Future Forty 2.1
Well, I’ve been convinced. Enough people responded to the Future Forty 2.0 debut with a common suggestion; abort the lame “rookies only” eligibility, which always spawns questions about missing players and is generally not very helpful. So I listened, and now I present Future Forty v2.1. Welcome back to Jose Lopez, Clint Nageotte, Bobby Madritsch, Bucky Jacobsen, and George Sherrill.
I’ve added a new tier, the graduate level, for players who still fit the mental criteria of an unestablished major league player (basically, less than a full year of service) but are on the 25 man roster in Seattle. As such, Jeremy Reed was moved from the Good Prospect tier to the Graduate tier.
I think this was a good suggestion. I’ve never liked having to stop writing about guys who are 21, 22 years old just because the BBWAA says they are no longer rookies. And you guys obviously still want information on those players, so, this works for everyone.
Enjoy.
Comments
23 Responses to “Future Forty 2.1”
Excellent! Even better this way.
The link does not seem to work at the moment. Just a head’s up.
Why am I not seeing Willie Bloomquist on this list!?! 😉
Bodhizefa, try: http://www.ussmariner.com/features/futureforty.htm
It’s the link on the right, and it indeed works. Dave added an extra “l” on the end (.html).
Geeky nitpick: The HTML header section contains no title,
so the page is just displayed in the window title (or tab,
for those using *real* browsers) using its URL.
Many thanks, Positive Paul.
Great list, Dave. Solid work this year.
Of course, there are now more than 40 players listed. It’s the Future Forty-Three.
Argh. I was hoping no one would notice.
Actually, I have a built in excuse. There are 40 “minor leaguers”, who are the future. The three major leaguers constitute the present, so by the definition of the Future Forty, they are excluded.
How’s that for weasling?
Dave,
I like the new format a lot better than a ranking system. The ‘tiers’ approach makes a lot more sense.
However, when I look at prospect reports and such, I usually take the rankings as just a relative indicator of their status (eg. a #10 prospect is better than a #20, but #11 and #12 are pretty equal). The more important information is in the scouting reports, where the evaluator is explaining why they like a certain prospect, his tools, his track record, where that guy will be in the next year, what he needs to work on to have success, and a general evaluation of his ceiling and potential.
Basically, I think that Matt Thornton being a ‘Players With Some Potential, Several Years Away’ with an risk of 5 and a reward of 8 is interesting. But I would rather read a brief discussion of his history with the club (where drafted, signed, how many years in the system), how hard he can throw, what his best pitches are, how control is his biggest problem, his injury history, an evaluation of his risk and upside, ect. If you explain your reasoning, it will be more useful to the general reader. This is particularly true with guys like Dan Santin, Yung-Chi Chen, Jesus Guzman, ect who are not top prospects and who don’t get a lot of attention outside of people who are really into the M’s system in particular.

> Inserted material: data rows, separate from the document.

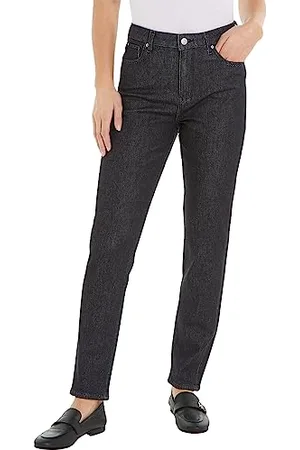 Tommy Hilfiger Damen Jeans Tapered Stretch, Schwarz (Liz), 28W / 32L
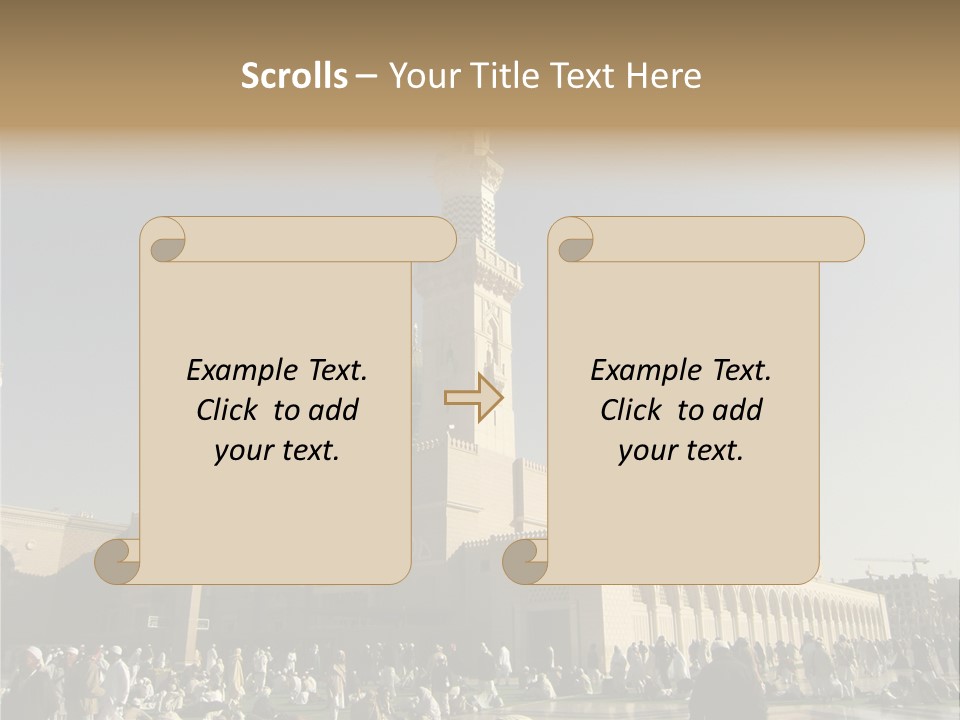 Muslim Umrah Arab PowerPoint Template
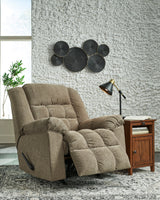 Rocker Recliner Kegler - Briar Chenille | Ashley - Home Elegance USA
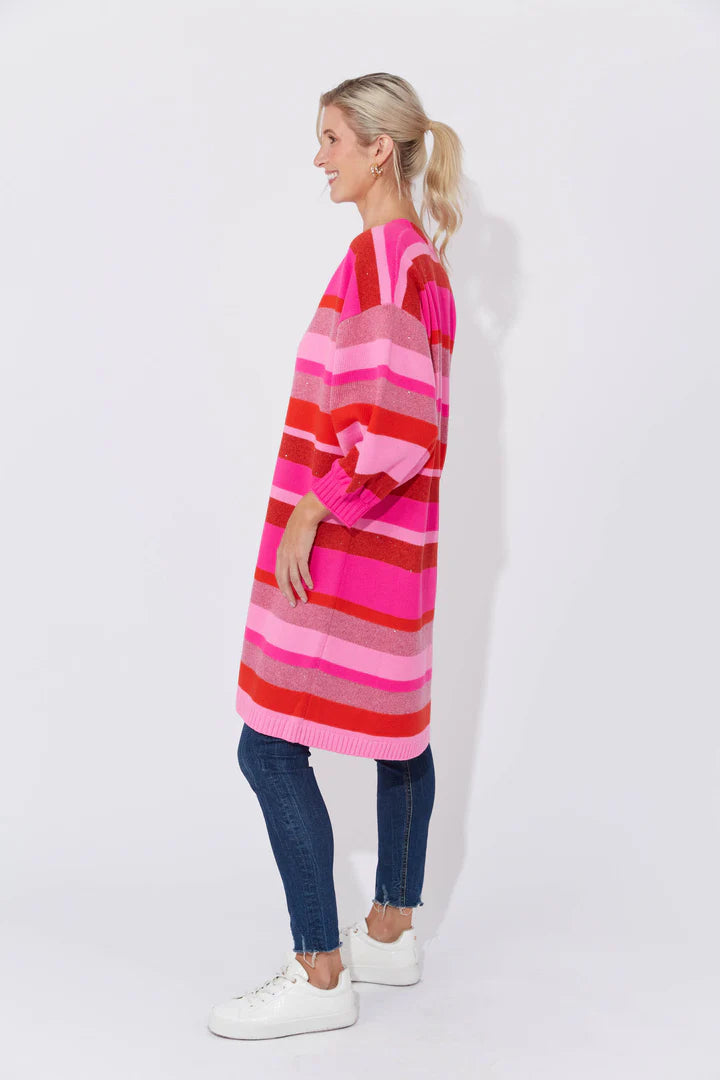 Yuma Cardigan in Chilli/Pink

oh yes, also when you click a link Dave, the stylesheet tells the browser (ie in my case) that there’s no style applied to the link, except for the base style. the a:vistited link looks totally different than the a:hover or a element.
or something.
try it for yourself!
just change the a:visted “font-size:7.5pt;” to a:visited “font-size:10.0pt” in the ‘style’ part of your page and it will be ok.
w00t, excel xp ROCKS!
Jerry – this isn’t Dave’s full-time job. We can’t expect him to write an article on every marginal prospect in the Ms’ system. If you follow USSM closely over an extended period of time, every player who will end up contributing to the Ms will be discussed more than adequately.
New format is great, Dave. Sickels’ grading system is another way to differentiate “top prospects” (there are only 6 Grade A prospects in the 2005 book), and I’m glad more people are adding relevant info to prospect analysis. The more information, the better!
Hmm, one way you could indicate non-rookies who still aren’t truly established is set their “arrival date” to 2004.
Looks great Dave. Have you considered a new name? There are more than 40 players on it and it would be nice if more than 40 players stayed on it.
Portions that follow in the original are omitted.